Did you think I forgot about you? Well, last week, I enjoyed watching so much tv and movies in my living room that I did forget about it. Oh, I knew it was sitting right here waiting for me, but I hardly even turned on my computer last week.

  • SpongeBob is NOT GAY. First, it's a CARTOON. For kids. Second, he's a SPONGE. His friend, Patrick, is a STARFISH. They're not even the same species, so how can they be gay? Mr. Dobson, you're a very intelligent man, and I generally support most of the things you do, but this is absolutely ridiculous. Please, be quiet before you give Christians more of a bad name by demonstrating total cultural ignorance.
  • The Insider is a fantastic movie. I hated having to spread out watching it over two nights. Russell Crowe did an outstanding job here.
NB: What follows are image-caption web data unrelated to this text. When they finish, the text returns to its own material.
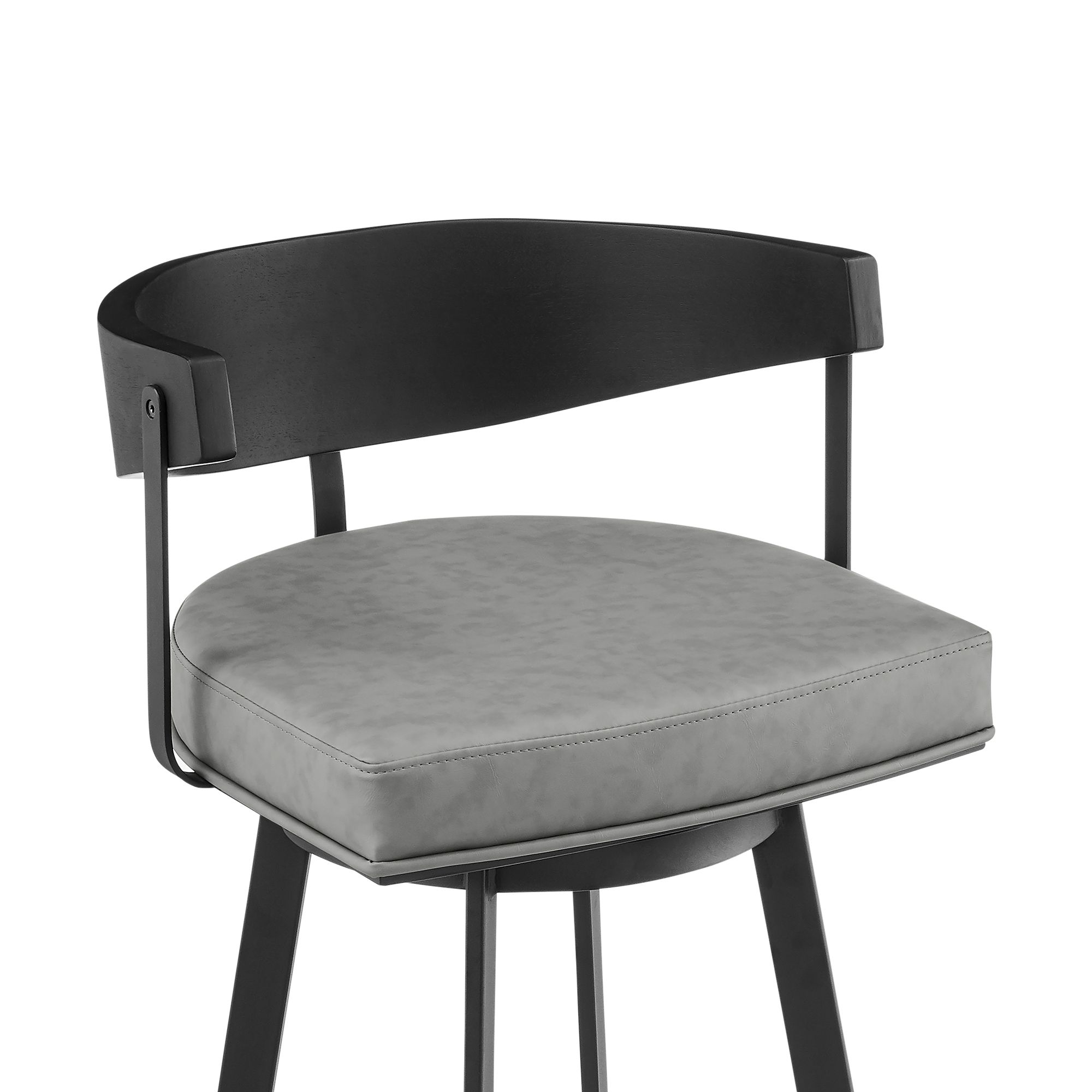 Image 5 Armen Living Lacey 26 in. Counter Stool in Iron, Vintage Gray Faux Leather more views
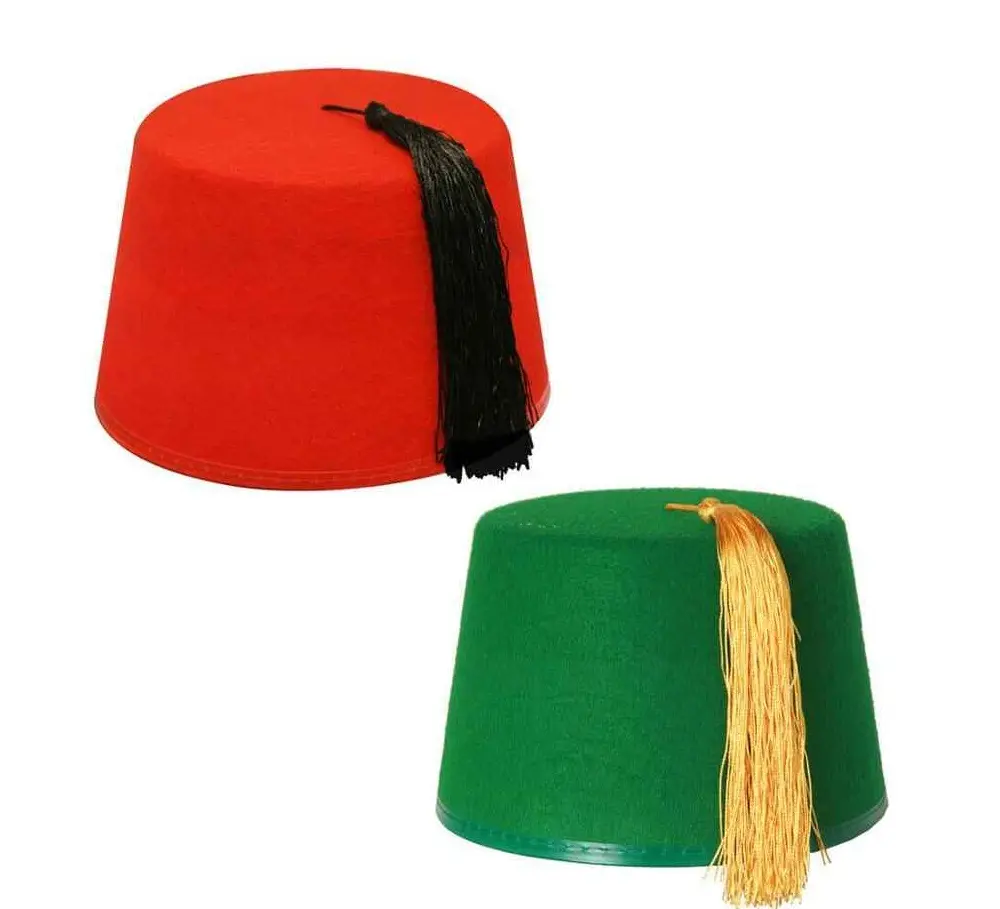 Kırmızı türk şapka Tarboosh giyinmek kostüm partisi fas kostüm şapka yeşil Fez şapka altın püskül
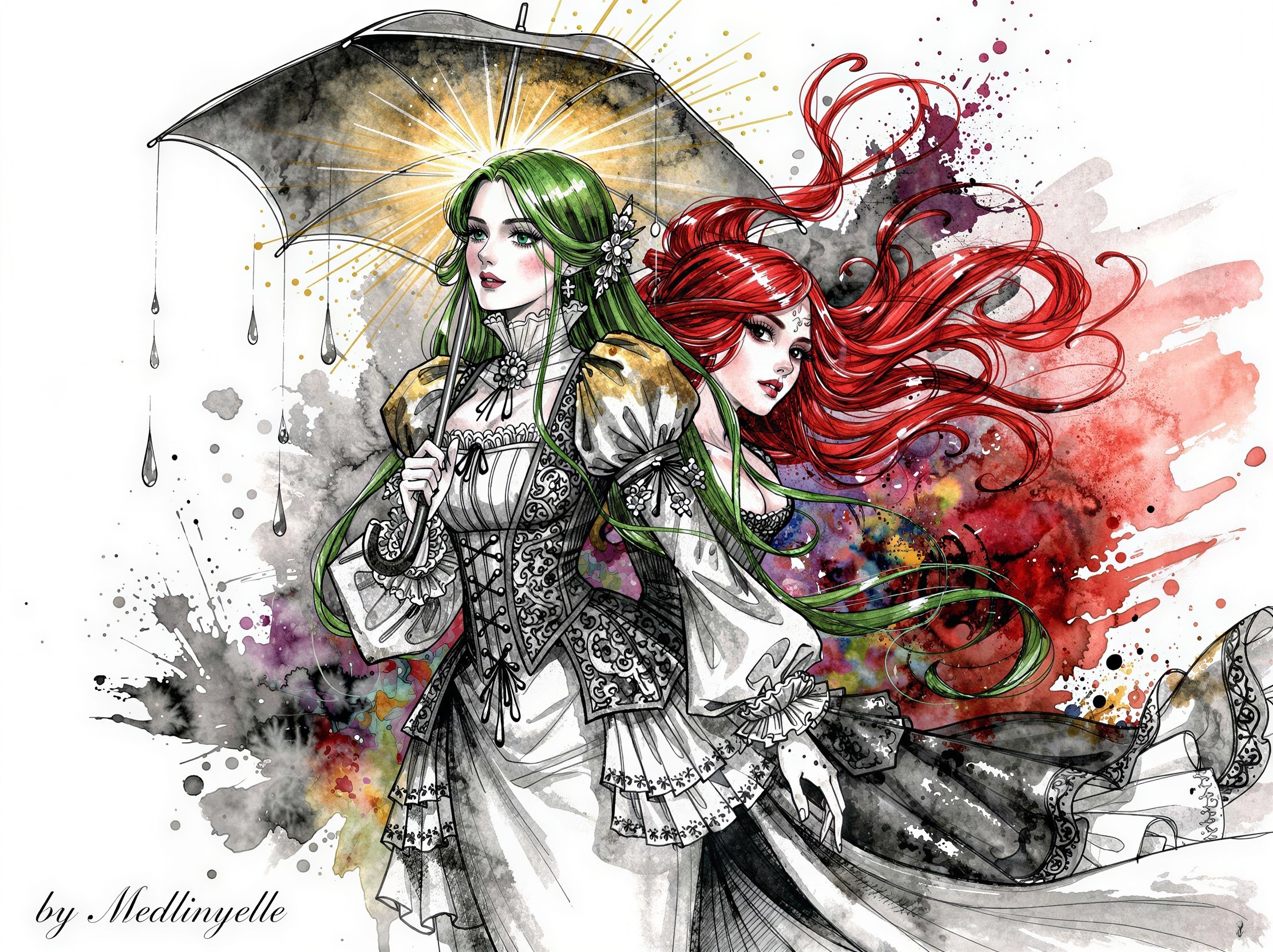 Watercolor Painting of Stylish Women with Umbrella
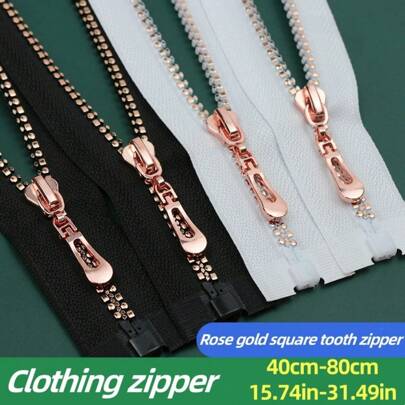 5pcs 5# Square & Round Rose Gold Single-Slider Zippers For Clothing & Jackets, Available In Black & White, Multiple Sizes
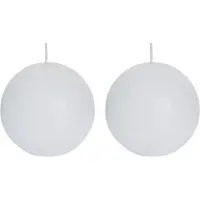 Spaas rustieke bolkaars - wit - 2x - D8 cm - 24 branduren - ronde kaarsen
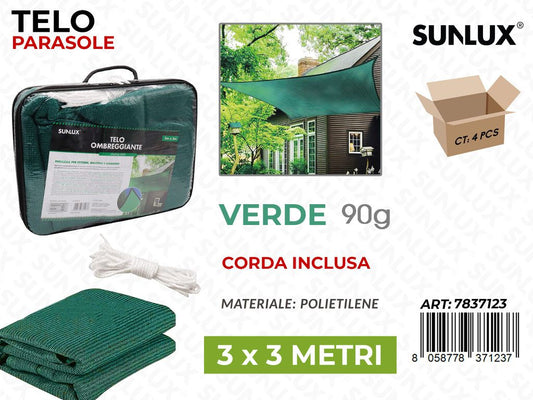 Sunlux Telo Ombreggiante Verde 3*3MT 90G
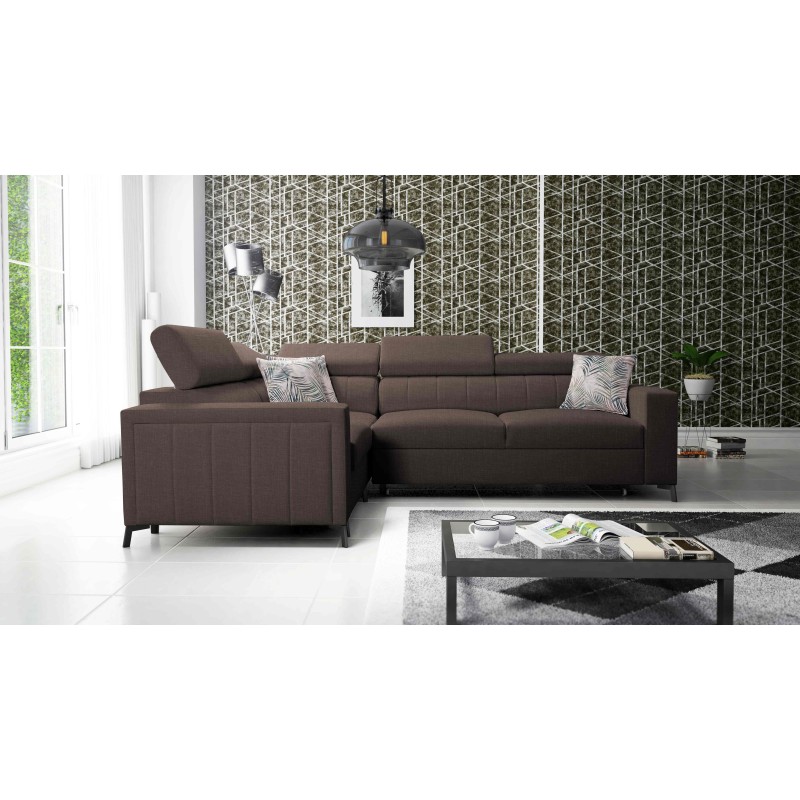 Ecksofa Arco II mit Schlaffunktion - Flechtwerk, Sawana 26 - Perfekte Kombination aus Stil und Komfort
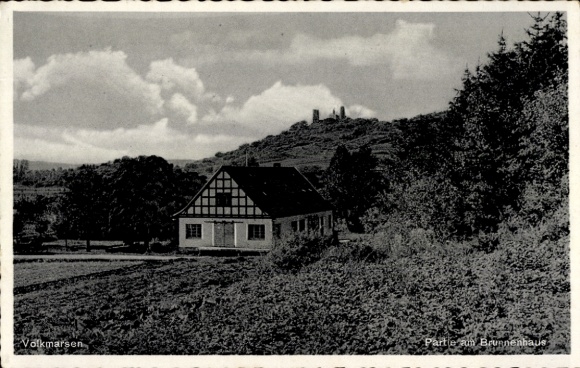 Postcard Volkmarsen in Hesse, house, hill with castle ruins, clouds, landscape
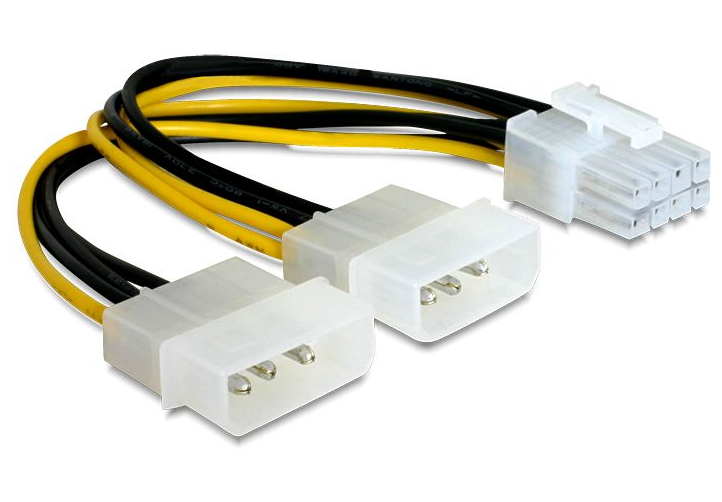 Produktbild för DeLock Strömadapter 2st molex till 1st PCI express 8 pin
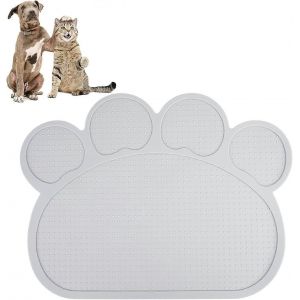 Nourriture Pour Animaux De Compagnie Chat Chat Chien Tapis D'alimentation Silicone Bol Tapis Antidérapant Imperméable Set De Table Gris - Neuf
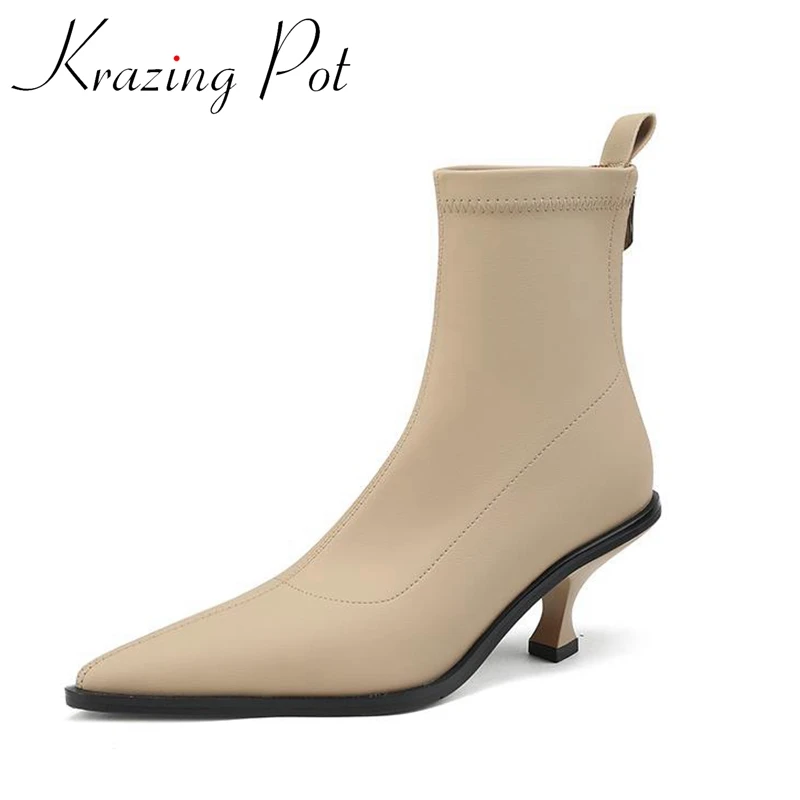 

Krazing Pot Microfiber Pointed Toe Stiletto High Heels Modern Boots Dating Wedding Mature Fashion Wear Party Zipper Ankle Boots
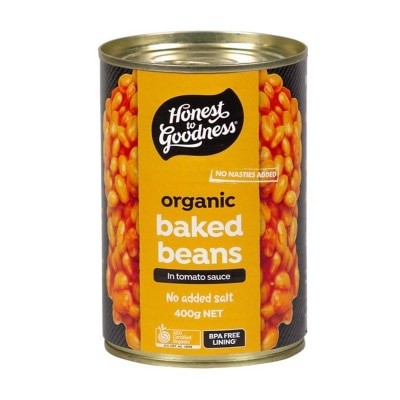 HONEST TO GOODNESS Org Baked Beans In Tomato Sauce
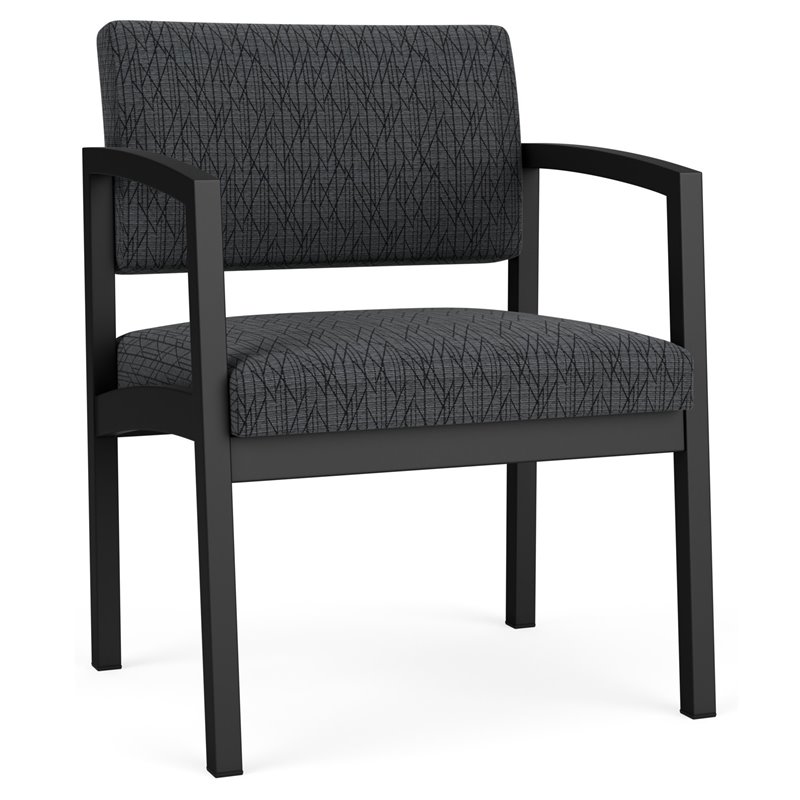 Lenox Steel Reception Waiting Oversize Guest Chair / Black Steel / Dark Gray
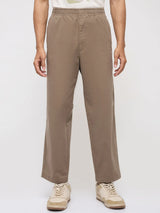 Men Trouser Relaxed Fit Grey Mid Rise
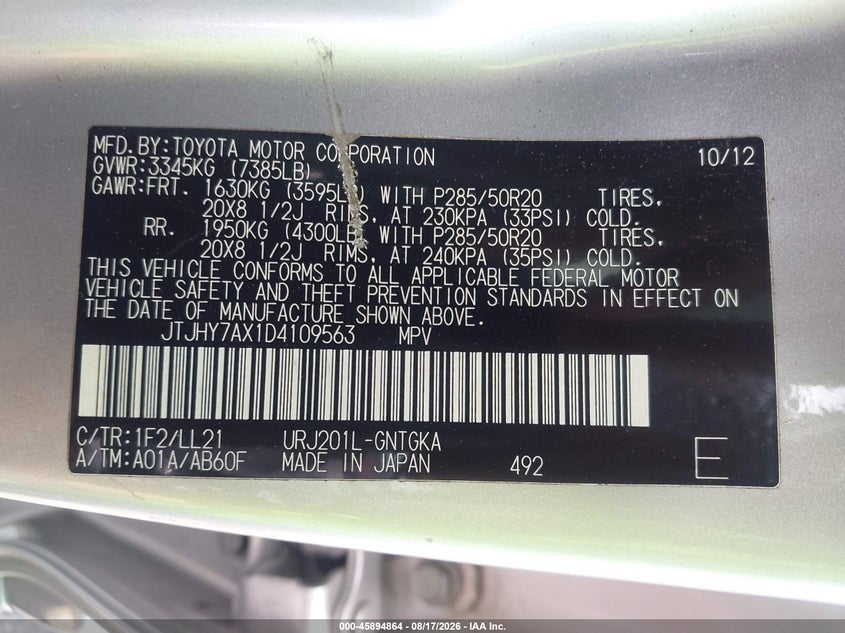 LEXUS LX 570 2013 VIN JTJHY7AX1D4109563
Al Pacino was... Al Pacino. What more can one say about him? Yes, there's not a lot of action (none, perhaps?), and it's all thinking, but what's wrong with that?
  • God has really been showing me a lot lately. I hate putting this in such a short post (of course, we'll wait to see how short it is until after I'm finished writing it!), but if I share anything at all, it will be better than nothing. I've been teaching I John the past few weeks, and from that, I've come to realize that I don't need to be so down on myself. A revelation one morning after a particularly bad couple of days was that it's not so much my in/action but Jesus' actions. He has truly set me free. I'm not fully comprehending this, but I know I'm much better off now. There's a whole bit about sanctification in there. Many things are starting to gel together for me about the Bible (which I've always believed, even if I didn't understand how it applied to me or what it meant exactly) and my place with God. The things I've learned while teaching are not specifically the things I recall being taught. Anyway, suffice it to say that I'm coming to a better place in spite of myself and because of Him. I can't reconcile my in/action, but that's not my job (it's His). All I can do is what I know to be true and right and honorable, and trust that He knows my heart and intentions (believe it or not, we can lie to ourselves).